Based on the book in which he invented Christmas, you can probably guess that Charles Dickens was pretty into ghosts. He even believed that he himself had "magnetic powers" that he used to cure friends of hauntings, but when it came to everyone else, he was pretty fond of proof. Dickens also felt bad that his fictional ghost stories had boosted interest in spiritualism to the point of flooding the market with phony mediums. Meanwhile, Sir Arthur Conan Doyle, despite the devotion to logic of his most famous character, was so enamored with the idea of the supernatural that he insisted Harry Houdini had magic powers no matter how many times Houdini tried to correct him.

"Your ass is going to have to escape my foot if you don't knock this off.

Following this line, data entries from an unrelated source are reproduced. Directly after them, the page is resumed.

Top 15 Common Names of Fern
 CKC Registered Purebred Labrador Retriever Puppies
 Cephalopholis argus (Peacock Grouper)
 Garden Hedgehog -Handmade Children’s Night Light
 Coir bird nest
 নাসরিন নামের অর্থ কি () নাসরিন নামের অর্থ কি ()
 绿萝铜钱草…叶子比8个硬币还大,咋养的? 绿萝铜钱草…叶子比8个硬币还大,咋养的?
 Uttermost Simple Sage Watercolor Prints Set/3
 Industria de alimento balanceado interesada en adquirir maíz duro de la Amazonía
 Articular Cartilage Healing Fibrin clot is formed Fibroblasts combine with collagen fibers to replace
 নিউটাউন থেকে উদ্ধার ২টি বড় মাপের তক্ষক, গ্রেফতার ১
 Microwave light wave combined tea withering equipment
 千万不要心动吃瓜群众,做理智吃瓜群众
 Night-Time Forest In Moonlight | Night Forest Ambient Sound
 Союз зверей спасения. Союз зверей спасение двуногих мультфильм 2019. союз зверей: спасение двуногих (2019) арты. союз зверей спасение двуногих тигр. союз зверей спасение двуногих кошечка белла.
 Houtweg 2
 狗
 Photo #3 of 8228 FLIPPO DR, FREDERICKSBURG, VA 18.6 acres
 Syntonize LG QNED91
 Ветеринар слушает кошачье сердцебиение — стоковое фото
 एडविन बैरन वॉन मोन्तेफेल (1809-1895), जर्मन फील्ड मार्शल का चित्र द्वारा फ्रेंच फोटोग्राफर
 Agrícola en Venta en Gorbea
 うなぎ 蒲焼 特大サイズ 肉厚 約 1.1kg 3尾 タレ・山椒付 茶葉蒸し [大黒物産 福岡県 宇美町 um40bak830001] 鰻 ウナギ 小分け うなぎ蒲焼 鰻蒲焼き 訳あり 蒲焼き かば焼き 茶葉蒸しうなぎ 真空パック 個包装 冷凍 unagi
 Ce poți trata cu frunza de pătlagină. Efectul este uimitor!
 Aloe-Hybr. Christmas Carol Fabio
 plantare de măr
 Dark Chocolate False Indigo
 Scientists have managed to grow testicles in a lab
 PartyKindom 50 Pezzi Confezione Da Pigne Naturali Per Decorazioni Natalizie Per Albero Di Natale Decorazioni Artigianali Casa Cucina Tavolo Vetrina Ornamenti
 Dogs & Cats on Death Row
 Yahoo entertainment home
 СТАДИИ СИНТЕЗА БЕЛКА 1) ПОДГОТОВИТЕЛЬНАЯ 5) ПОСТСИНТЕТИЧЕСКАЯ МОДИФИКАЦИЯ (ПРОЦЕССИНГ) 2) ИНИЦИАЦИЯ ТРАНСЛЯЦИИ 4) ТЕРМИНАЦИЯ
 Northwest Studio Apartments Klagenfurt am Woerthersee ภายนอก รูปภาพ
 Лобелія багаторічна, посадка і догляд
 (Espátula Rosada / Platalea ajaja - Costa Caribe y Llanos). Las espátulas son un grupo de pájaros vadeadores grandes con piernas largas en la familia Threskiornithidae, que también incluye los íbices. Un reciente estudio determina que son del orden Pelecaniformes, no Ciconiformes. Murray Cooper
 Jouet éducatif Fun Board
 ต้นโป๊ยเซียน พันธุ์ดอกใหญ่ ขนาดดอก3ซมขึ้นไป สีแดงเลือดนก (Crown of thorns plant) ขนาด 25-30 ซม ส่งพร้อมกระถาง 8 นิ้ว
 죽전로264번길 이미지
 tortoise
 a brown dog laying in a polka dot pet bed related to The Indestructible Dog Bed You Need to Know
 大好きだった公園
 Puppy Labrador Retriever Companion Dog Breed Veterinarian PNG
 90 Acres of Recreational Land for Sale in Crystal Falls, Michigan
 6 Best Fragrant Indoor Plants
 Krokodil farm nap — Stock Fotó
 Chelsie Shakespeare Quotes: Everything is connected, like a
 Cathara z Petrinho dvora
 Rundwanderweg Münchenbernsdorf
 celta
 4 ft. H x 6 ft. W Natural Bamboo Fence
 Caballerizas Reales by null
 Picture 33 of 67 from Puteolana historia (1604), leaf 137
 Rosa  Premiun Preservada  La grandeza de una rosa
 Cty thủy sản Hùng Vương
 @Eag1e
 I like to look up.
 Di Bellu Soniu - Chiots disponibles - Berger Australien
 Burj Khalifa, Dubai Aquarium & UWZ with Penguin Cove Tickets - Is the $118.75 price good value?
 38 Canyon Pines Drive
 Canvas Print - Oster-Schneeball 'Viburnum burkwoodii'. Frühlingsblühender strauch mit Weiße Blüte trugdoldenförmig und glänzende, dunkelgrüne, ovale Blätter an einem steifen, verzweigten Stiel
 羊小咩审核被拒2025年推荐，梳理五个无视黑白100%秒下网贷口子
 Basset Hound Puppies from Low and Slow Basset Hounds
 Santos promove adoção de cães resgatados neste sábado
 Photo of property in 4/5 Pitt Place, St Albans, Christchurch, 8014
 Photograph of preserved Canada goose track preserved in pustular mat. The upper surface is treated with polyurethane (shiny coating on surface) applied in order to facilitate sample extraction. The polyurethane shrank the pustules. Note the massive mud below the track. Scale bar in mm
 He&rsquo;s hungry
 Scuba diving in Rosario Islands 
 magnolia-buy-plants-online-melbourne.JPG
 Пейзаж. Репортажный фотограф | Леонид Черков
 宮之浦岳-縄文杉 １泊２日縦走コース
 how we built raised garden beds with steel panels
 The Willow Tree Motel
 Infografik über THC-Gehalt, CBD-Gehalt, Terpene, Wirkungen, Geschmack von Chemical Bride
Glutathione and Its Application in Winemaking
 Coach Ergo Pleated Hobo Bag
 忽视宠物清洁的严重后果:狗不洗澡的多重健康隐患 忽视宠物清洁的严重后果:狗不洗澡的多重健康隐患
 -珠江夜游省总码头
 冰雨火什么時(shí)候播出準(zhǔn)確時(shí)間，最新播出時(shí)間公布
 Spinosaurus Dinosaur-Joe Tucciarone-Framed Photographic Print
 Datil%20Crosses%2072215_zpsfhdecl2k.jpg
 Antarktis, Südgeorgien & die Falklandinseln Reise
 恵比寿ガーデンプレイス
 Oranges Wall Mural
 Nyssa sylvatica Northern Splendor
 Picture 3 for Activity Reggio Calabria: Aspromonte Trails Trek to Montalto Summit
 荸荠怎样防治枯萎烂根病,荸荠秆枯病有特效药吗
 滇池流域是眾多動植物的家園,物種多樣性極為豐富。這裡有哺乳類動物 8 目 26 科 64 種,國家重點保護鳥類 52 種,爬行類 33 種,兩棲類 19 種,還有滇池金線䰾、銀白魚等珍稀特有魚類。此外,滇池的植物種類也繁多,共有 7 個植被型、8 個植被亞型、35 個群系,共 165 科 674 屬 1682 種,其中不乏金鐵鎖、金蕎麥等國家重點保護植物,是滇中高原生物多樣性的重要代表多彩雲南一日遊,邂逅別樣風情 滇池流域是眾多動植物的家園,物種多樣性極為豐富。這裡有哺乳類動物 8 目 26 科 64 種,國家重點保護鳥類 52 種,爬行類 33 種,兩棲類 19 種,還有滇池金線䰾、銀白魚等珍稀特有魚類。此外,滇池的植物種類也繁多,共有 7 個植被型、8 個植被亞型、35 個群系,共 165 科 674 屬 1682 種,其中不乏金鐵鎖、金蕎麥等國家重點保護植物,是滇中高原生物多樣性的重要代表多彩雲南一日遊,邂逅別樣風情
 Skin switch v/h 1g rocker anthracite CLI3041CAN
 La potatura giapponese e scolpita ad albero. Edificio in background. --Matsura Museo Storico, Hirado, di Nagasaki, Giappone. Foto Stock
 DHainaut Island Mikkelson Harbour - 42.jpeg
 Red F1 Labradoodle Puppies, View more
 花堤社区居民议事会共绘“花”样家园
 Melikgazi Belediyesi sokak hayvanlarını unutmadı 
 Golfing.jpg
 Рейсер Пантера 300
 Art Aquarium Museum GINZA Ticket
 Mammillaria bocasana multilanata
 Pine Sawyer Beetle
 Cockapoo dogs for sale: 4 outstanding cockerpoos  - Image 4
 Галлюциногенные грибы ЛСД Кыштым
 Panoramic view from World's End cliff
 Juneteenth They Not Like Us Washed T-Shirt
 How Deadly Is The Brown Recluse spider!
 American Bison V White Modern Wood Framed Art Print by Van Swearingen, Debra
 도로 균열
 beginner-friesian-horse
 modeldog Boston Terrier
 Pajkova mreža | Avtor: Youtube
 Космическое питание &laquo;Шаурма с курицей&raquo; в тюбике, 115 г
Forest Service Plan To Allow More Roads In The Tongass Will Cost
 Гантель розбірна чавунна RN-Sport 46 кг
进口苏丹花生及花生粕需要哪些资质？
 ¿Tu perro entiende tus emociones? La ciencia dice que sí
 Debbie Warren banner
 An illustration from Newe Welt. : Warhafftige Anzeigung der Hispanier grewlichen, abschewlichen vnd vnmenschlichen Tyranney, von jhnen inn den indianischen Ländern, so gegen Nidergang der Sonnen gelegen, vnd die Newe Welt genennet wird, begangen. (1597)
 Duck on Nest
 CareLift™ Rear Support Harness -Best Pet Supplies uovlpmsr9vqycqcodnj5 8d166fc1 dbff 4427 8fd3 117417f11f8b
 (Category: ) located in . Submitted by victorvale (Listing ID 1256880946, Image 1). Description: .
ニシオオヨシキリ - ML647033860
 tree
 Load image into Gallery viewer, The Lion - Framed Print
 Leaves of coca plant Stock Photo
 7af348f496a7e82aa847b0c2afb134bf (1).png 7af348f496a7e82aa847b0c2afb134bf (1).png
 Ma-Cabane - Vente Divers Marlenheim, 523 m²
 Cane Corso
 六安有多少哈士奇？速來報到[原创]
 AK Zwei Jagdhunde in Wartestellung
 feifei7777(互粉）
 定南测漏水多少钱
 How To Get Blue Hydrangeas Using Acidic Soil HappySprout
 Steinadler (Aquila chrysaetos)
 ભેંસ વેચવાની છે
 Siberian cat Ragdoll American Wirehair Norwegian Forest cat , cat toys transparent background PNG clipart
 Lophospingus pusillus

Together, this unlikely duo formed the ragtag team of Victorian ghost hunters they called the Ghost Club to investigate claims of paranormal activity. Okay, Dickens actually founded it in 1862, and Doyle came on board shortly thereafter, but that's not as good of a movie. They actually garnered some acclaim after one of their first and most famous investigations of the "Davenport spirit cabinet," which they proved rather conclusively was the product of clever engineering rather than ghosts, but even in death-obsessed Victorian England, they were pretty much immediately a laughingstock.

Frustrated with the bad press, Dickens left in 1870, which opened the floodgates for his more credulous companions to go full History Channel. The next year, Ghost Clubber and supposedly renowned scientist Sir William Crookes claimed that he'd discovered the unquestionable physical existence of a "psychic force" that explained why mediums could contact the dead, and the Ghost Club never lived it down. They disbanded for a little more than a decade, but the Ghost Club was revived (get it?) by famed spiritualist William Stainton Moses, who believed, among other things, in the sort of "spirit photography" that would lead Sir Doyle to disgrace in 1920 when some little girls showed him pictures they'd taken of fairies and he was like "Yep, seems legit."

I mean look at them.

By the time Yeats joined, the Ghost Club had become little more than a supper club where high society got together to get drunk and pat themselves on the back for being so open-minded. They became much more secretive after the whole country started making fun of them, so it's not totally clear what went on, but during this time, Yeats took an interest in "automatic writing" and conducted experiments with his wife that required her to "scrawl down the words of invisible messengers," although weirdly, they always seemed to be about "the husband's duty to give his wife sexual satisfaction." (No, really.) The Ghost Club still exists today, but they mostly meet up in old pubs to hear lectures from guys positing "What if ghosts?" Leave it to the British to turn something as cool as ghost hunting into a TED Talk.